Anche perché, da parte sua, il Patriarcato di Mosca ha recitato il ruolo del martire, riferendosi agli incidenti avvenuti nei cambiamenti di giurisdizione di parrocchie come ad attentati alla loro Chiesa.
Ma questo sarebbe un passo che cambierebbe tutto, anche l’idea di Mosca che Kiev è la loro madre, tanto che il metropolita ortodosso di Kiev ha poteri speciali. Ma cambierebbe anche il ruolo del Patriarcato ecumenico, cui ci si è appellati per l’autcefalia.
Il Patriarcato ecumenico è primo nella sinassi, ma ha pochi fedeli, nonostante abbia un grande prestigio. Il Concilio Pan-Ortodosso voluto da Bartolomeo I ha creato un supporto ecclesiale interno al mondo ortodosso che potrebbe rafforzarsi, perché gli ucraini si sentirebbero debitori e garantirebbero il loro appoggio. Ma renderebbe ancora più gelide le relazioni di Costantinopoli con Mosca, e va ricordato che Bartolomeo non ha accettato l’invito a Mosca del Patriarca Kirill per festeggiare i 100 anni del Patriarcato.
È ovvio, poi, che nessuna parte vuole concedere qualcosa, perché sembra in gioco il futuro stesso della comunione ortodossa.
Sia Bartolomeo che Kirill vantano importanti rapporti con Papa Francesco.
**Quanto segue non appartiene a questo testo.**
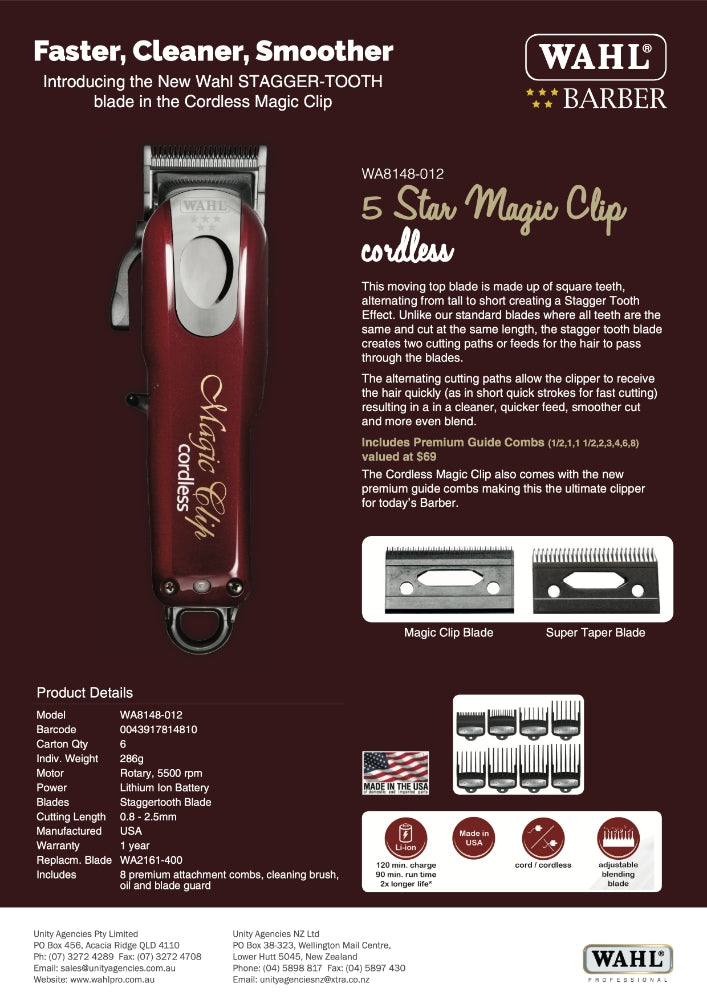 Wahl Magic Clip Cordless — Burgundy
Bartolomeo è arrivato a scrivere un messaggio congiunto con Papa Francesco per la Giornata della Cura del Creato, Kirill ha voluto lo storico incontro all’Avana del febbraio 2016 e da allora ha cominciato un processo di avvicinamento costante sui temi della lotta alla secolarizzazione e della pace nel mondo – e in tal senso si legge anche la telefonata a Papa Francesco sulla guerra in Siria.